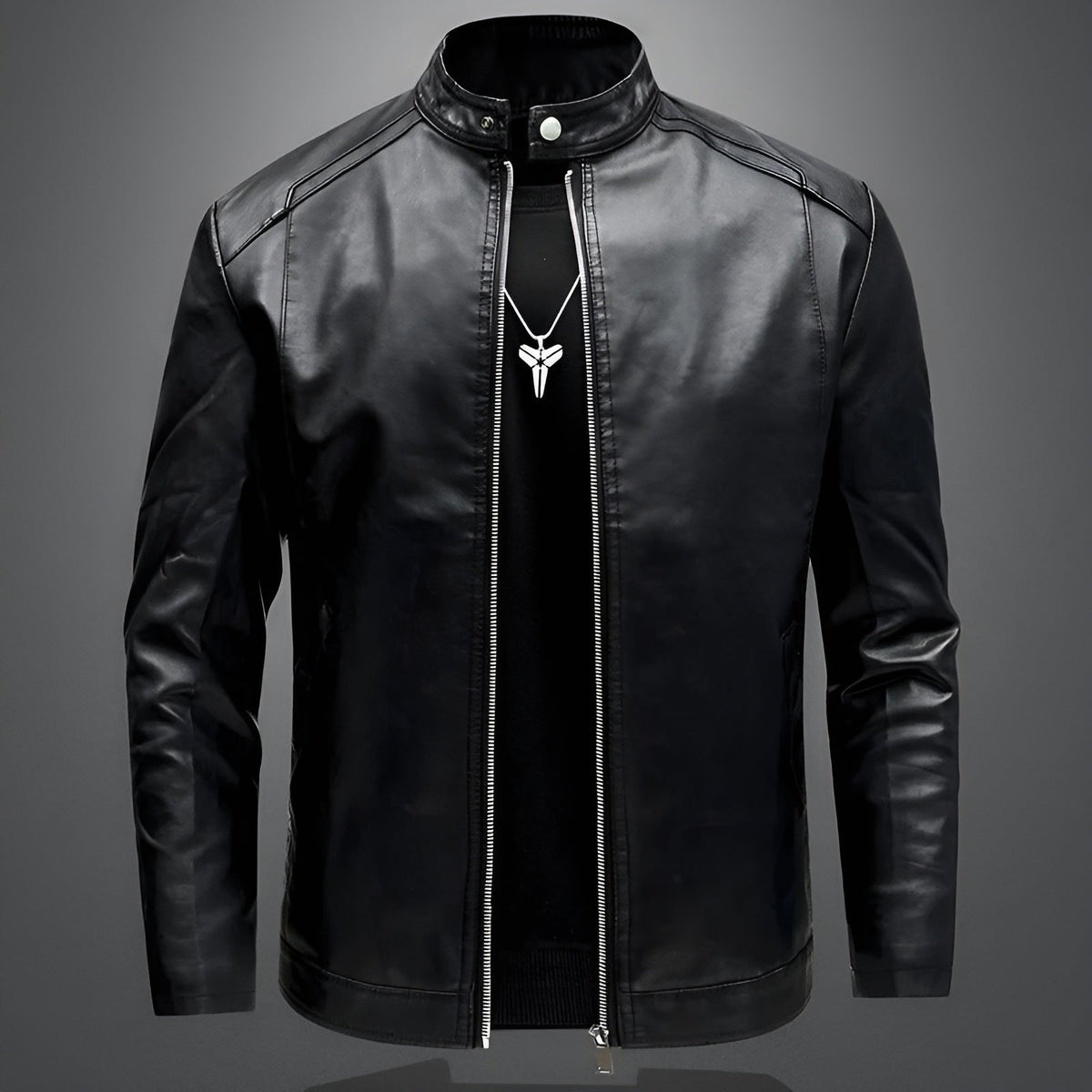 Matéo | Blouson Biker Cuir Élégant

--

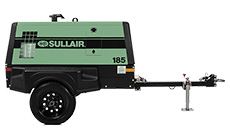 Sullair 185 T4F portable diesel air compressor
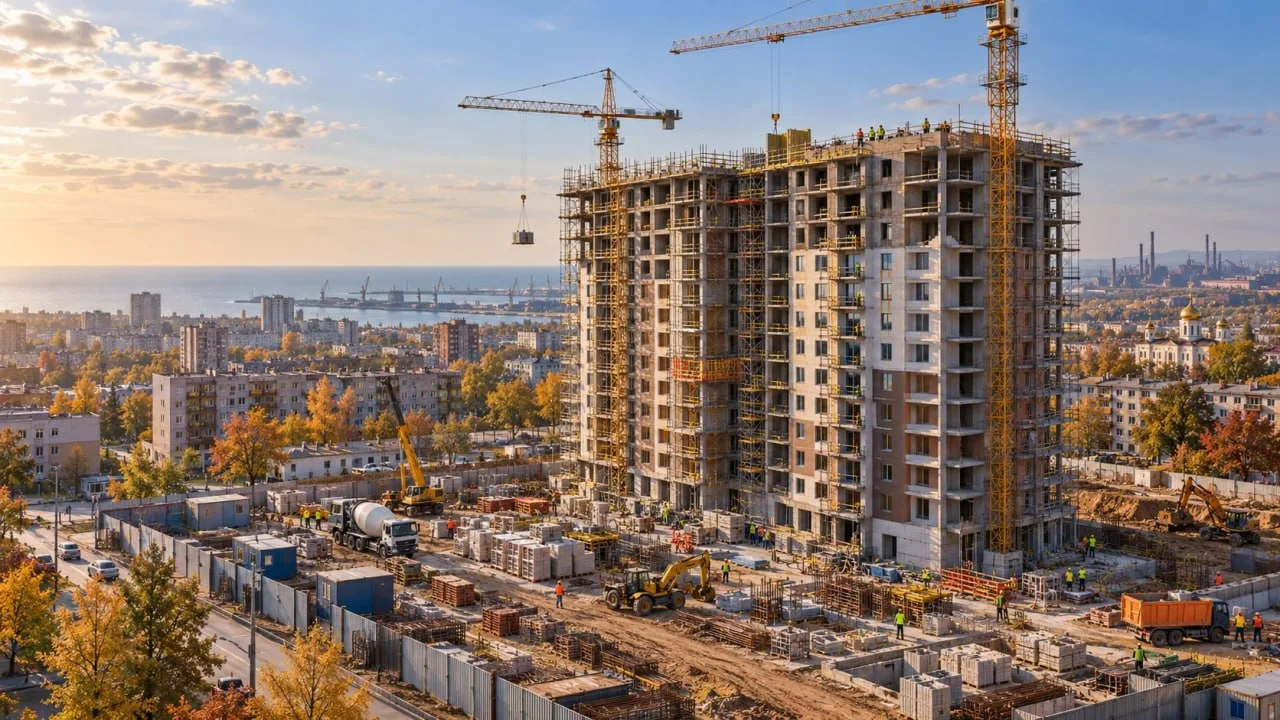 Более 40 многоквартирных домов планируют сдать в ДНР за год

▶ _What you have to do_: Within the listing above, copy exactly the lines that start at the one with "Sullair 185 T4F" and continue through the one with "Более 40 многоквартирных". Omit pictures.

▶ _Result for this task_:
 Sullair 185 T4F portable diesel air compressor
 Более 40 многоквартирных домов планируют сдать в ДНР за год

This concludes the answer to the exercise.